Barack Obama's Asia pivot threatened by his own party
Associated Press in Washington
US President Barack Obama's foreign policy pivot to Asia has taken a hit, and it came from a stalwart of his own party.
Democratic Senate leader Senator Harry Reid last week announced that he opposed legislation key to a trans-Pacific trade pact. That agreement is arguably the most important part of Obama's effort to step up US engagement in Asia.
Since Obama rolled out the policy, most attention has been on the military aspect, billed as a rebalance of US priorities after a decade of costly wars in Afghanistan and Iraq.
But officials have increasingly stressed that the shift is about more than military might, saying it would cement US stature as the pre-eminent Asia-Pacific power as China grows in strength, and capitalise on the region's rapid economic growth.
Hence the importance of the Trans-Pacific Partnership, a free-trade agreement being negotiated by 12 nations that account for 40 per cent of global gross domestic product.
Obama's Asia policy has been welcomed by countries leery of China's rise and territorial claims. During the president's first term, the US made headway in beefing up old alliances with nations like the Philippines, forging deeper ties with Indonesia and Vietnam, and befriending former pariah state Myanmar.

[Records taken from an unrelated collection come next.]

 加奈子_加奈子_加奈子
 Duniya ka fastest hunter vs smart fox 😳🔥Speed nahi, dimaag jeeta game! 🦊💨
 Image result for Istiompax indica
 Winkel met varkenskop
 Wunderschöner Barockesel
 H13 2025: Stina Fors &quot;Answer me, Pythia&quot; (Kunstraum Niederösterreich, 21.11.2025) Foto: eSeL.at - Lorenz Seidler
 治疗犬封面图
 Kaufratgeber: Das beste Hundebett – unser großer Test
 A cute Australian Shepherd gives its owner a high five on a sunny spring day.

There were missteps. Rancorous politics at home forced Obama to withdraw from the East Asia Summit last autumn, raising some questions about his commitment to the region. New military deployments - a few hundred marines in Australia, new warships rotated through Singapore - have fuelled Chinese accusations of a US policy of containment while making little impact on regional security.

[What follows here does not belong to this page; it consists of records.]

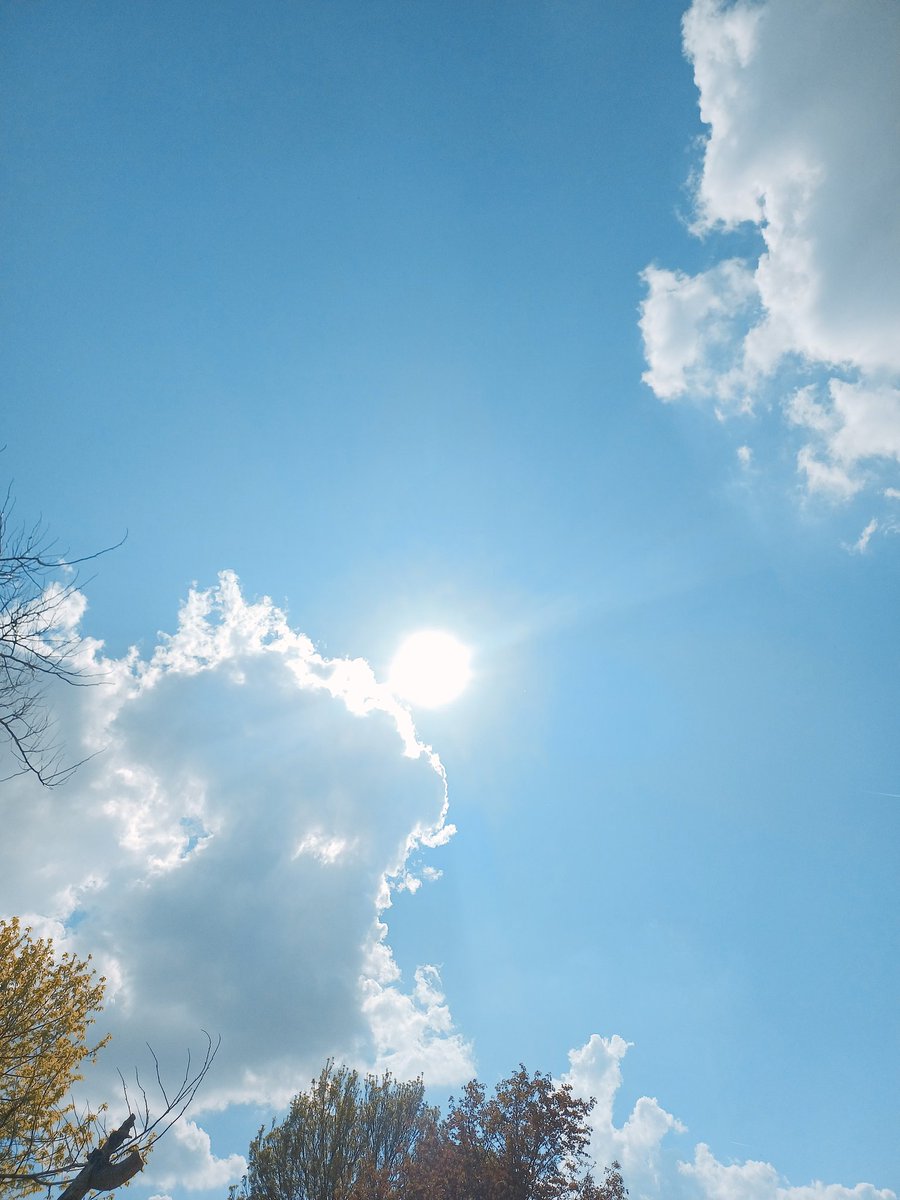 Alita 🫶 tweet media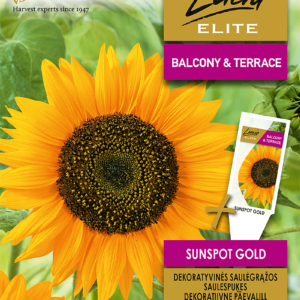 SAULĖGRĄŽOS DEKORATYVINĖS SUNSPOT GOLD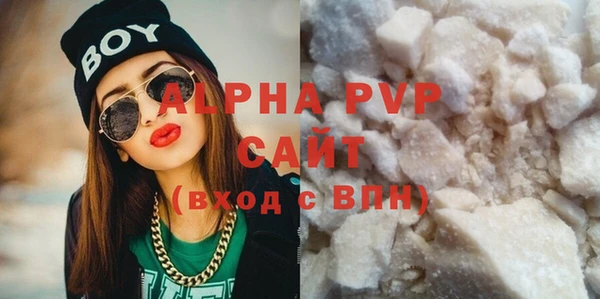 прущие грибы Богданович
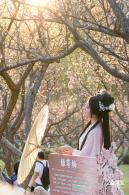 梅园梅花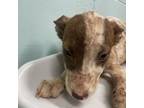 Adopt Gladyss a Australian Cattle Dog / Blue Heeler
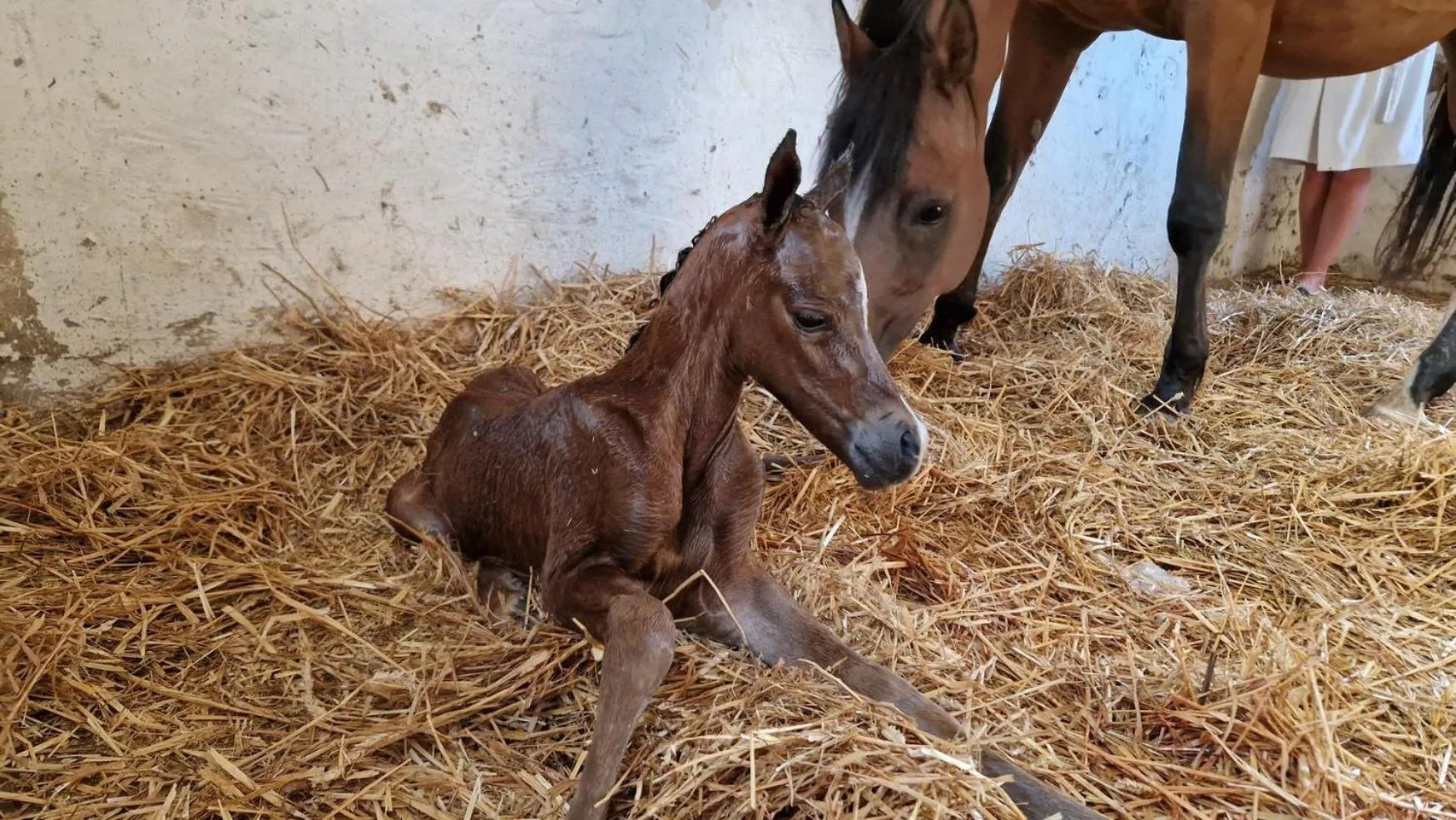 Animals in Guesthouse Biolleke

In Obama's state-of-the-union address last week, he urged both parties in Congress to back the partnership, saying it would open new markets and create American jobs.
But many of his fellow Democrats oppose trade deals negotiated by the administration that demand a simple yes-or-no vote, without the ability to make any changes. Reid said last week he opposed fast-track deals and that lawmakers should not push for them now, making it possible that legislation introduced three weeks ago will founder.
Many in the party side with unions in opposing lowered trade barriers, fearing job losses from increased competition.